Until now, consumers were largely spared from higher prices in Trump’s previous round of import taxes. That has changed. Starting Sept. 1, the U .S. government began collecting 15 percent on $112 billion in Chinese imports, on a wide array of merchandise including basketball jerseys, basketball shoes, basketballs and even hoops. Higher tariffs are set to hit another batch of Chinese products — $160 billion worth on Dec. 15 and include other sports products, according to the American Apparel & Footwear Association.
President Trump tweeted Wednesday that planned tariff increases on another $250 billion in Chinese imports, which would include sports bags, would be delayed until Oct. 15, from Oct. 1. Tariff increases are set to go from 25% to 30%.
Many sporting goods companies, including Adidas, Under Armour and Spaulding declined to comment on how their business is being affected by the China trade wars. But like many companies, sport brands have been diversifying their sourcing away from China to factories in Vietnam and Bangladesh for the last several years even before escalating tensions between the U.S. and China.
Under Armour has been working for several years to reduce sourcing in China.
“With current tariffs, we actually are not being affected very much at all, ” Patrick Fisk, president and chief operating officer at Under Armour told CNBC last week. “We only have 10 percent of what comes into the U.S. from China. So the current state, we’re OK.”
Puma announced earlier this year a new multi-year partnership that will make the international sports brand an official marketing partner of the NBA.
“Our sector in China has been very strong. We’ve been growing 15% every quarter,” says Puma U.S. CEO Bjoern Gulden, noting it’s the fastest growing market ahead of the U.S. and Europe.
But he added, “Tariffs and trade wars are not good for the market. It carries uncertainty.”
Puma has been moving its sourcing out of China over the past two years and now the country accounts for 20 percent of its overall production. Still, Gulden says costs are going up, and he’s not sure whether the company will have to raise prices.
Gulden and others believe that the top end of the market may be less vulnerable than the lower end.
For customers who buy sneakers ranging from $150 to $250, an increase may not hurt sales, but that could be a different story for customers who buy shoes in the $60 to $70 range, he said.
Still, he says no one “has an appetite for higher prices.”
The tensions between the U.S. and China come as many sports brands have been digging deeper into China where basketball is a massive business and the NBA’s fan base is exploding through social media.

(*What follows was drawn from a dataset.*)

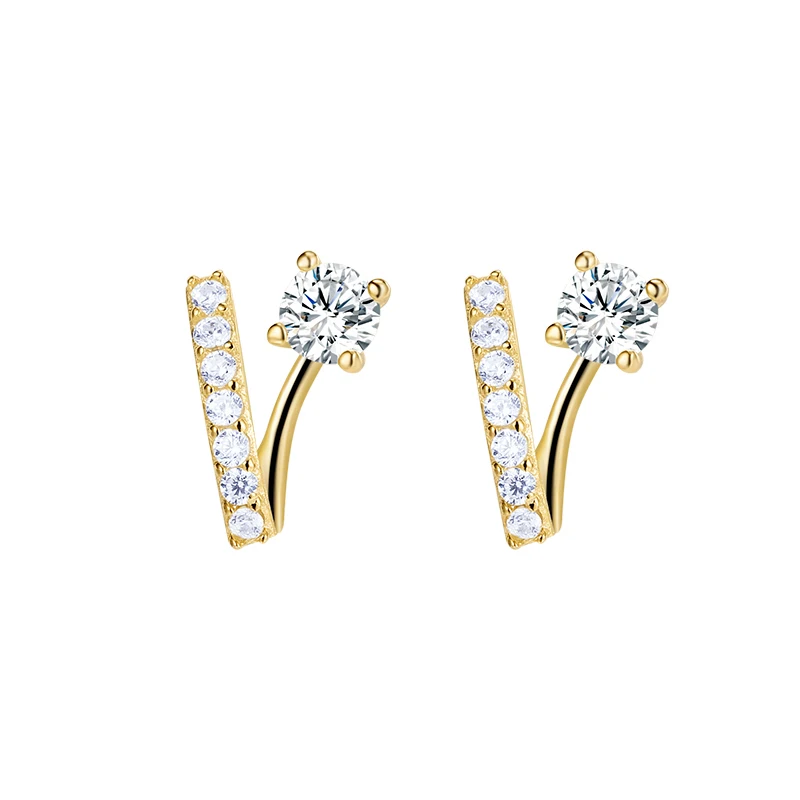 

E042 Womens Fashion Korean Earrings Jewelry for Women Simple and Small V-Shaped Zircon Earrings Gift Earrings for Women 2021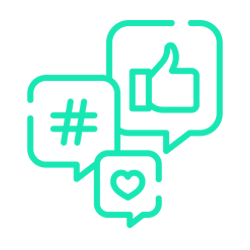 Íconos verdes de un hashtag, un pulgar hacia arriba y un corazón en burbujas de diálogo, que representan la participación en las redes sociales.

The good news is that American brands including Nike who sell there say business remains strong and they haven’t seen consumers in China pull back because of the strain.

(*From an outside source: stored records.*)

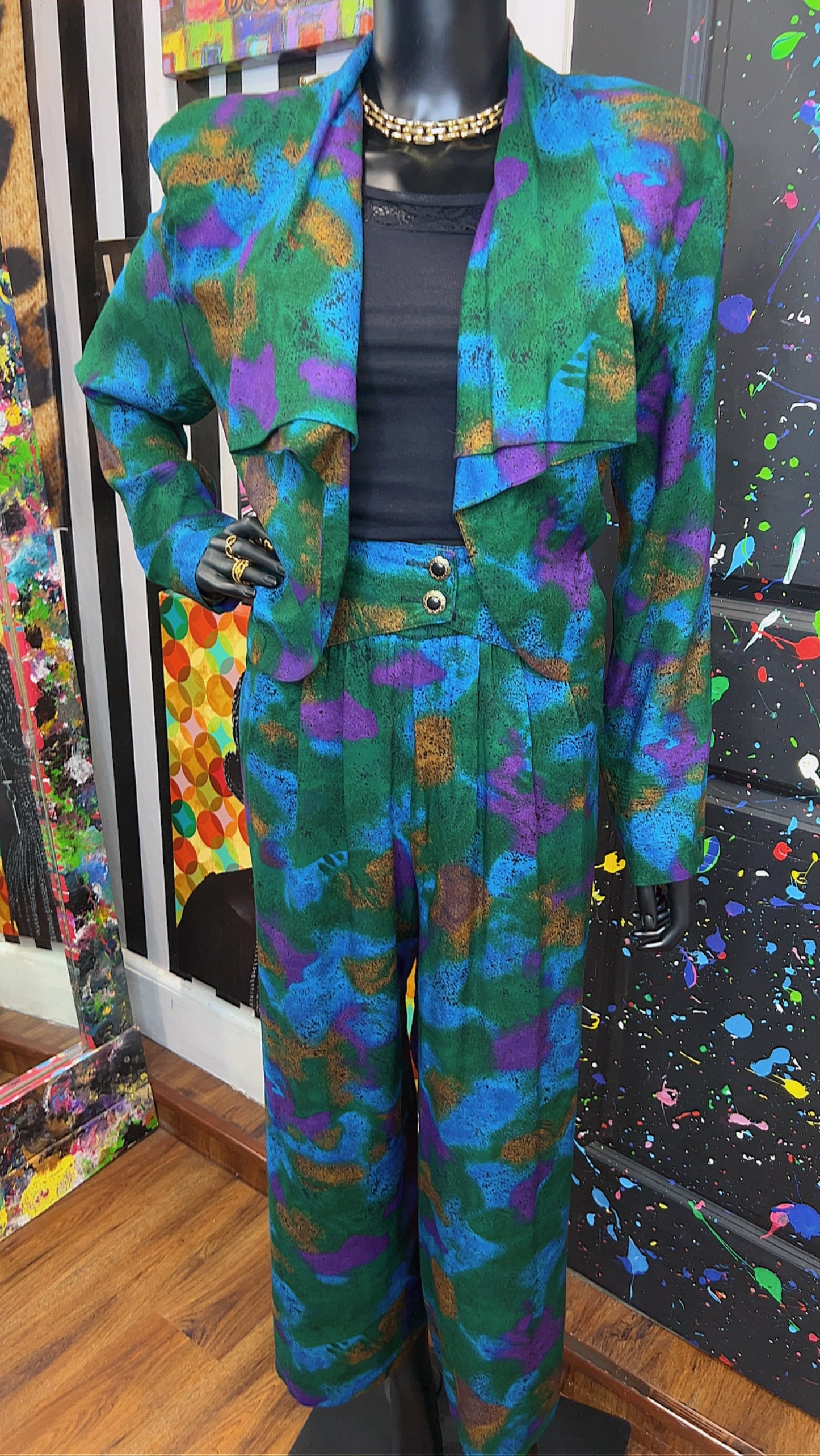 Vintage Abstract Rayon Pants Set (14)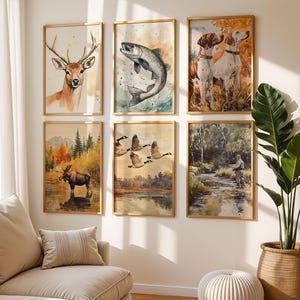 25+ Watercolor Hunting Nursery Art Prints: Woodland Animals, Hunting Nursery Room Art Set, Vintage Outdoor Kids Room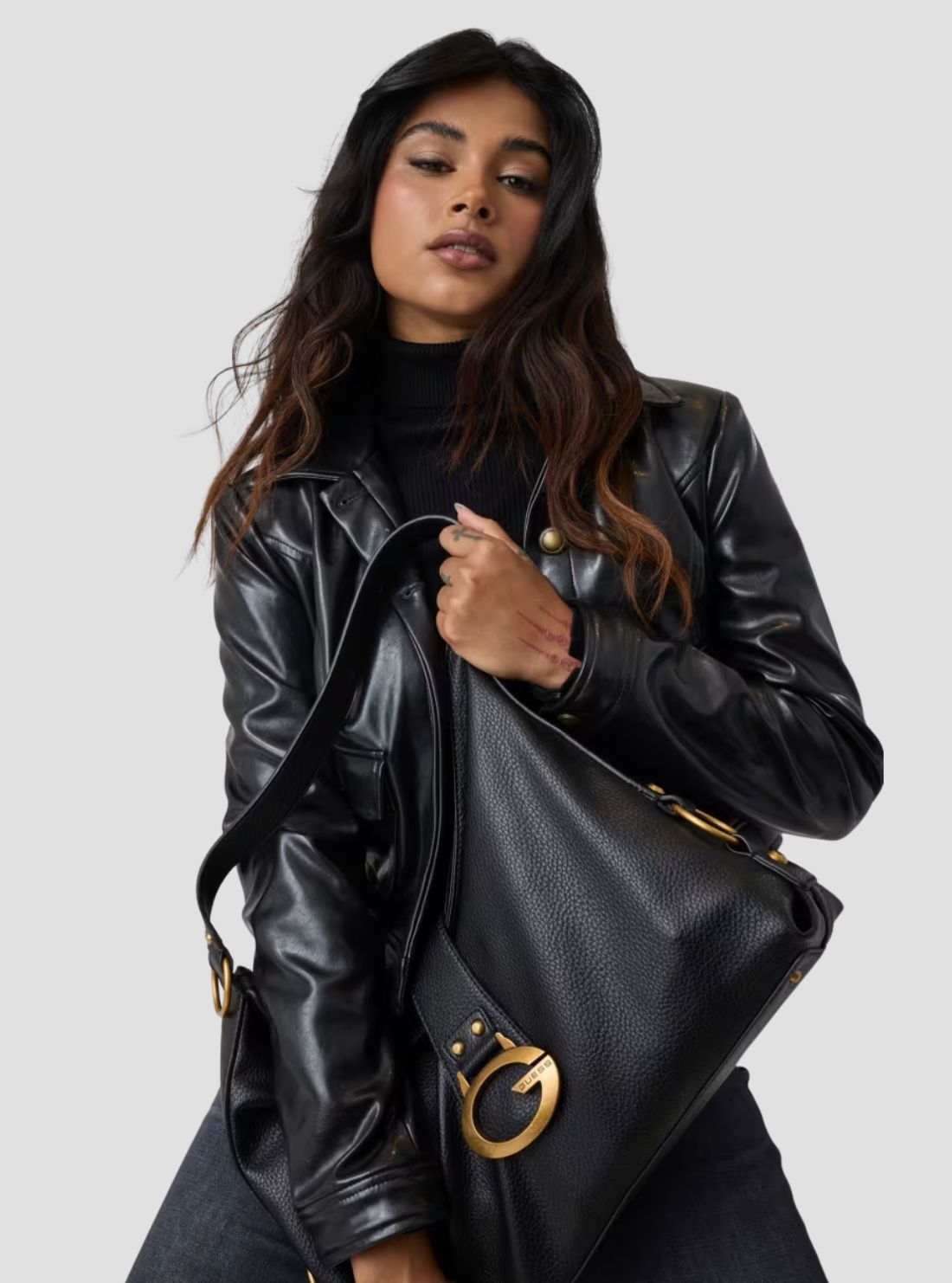 GUESS Womens Black Camden Large Shoulder Bag BB930802 Model View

“We have not seen any impact on our business to-date and we continue to see strong momentum as we enter fiscal year 2020, ” Mark G. Parker, chairman, CEO and president of Nike told analysts during a conference call following its fiscal fourth quarter earnings in June. It reported revenue growth in China up 21% this past fiscal year.
Nike says it produces about a quarter of its product in China for the globe. However, its exposure in terms of product produced in China to North America is “relatively modest.”
There’s a silver lining for sportswear makers to Trump’s trade war with China, however.
Puma’s Gulden says that the company is using the same factories in China that used to produce merchandise for the American market for the Chinese market. Previously, factories outside of China produced goods for China. Now, Puma can stay on top of trends faster.
“You are much quicker. No duty. No freight, ” Gulden added.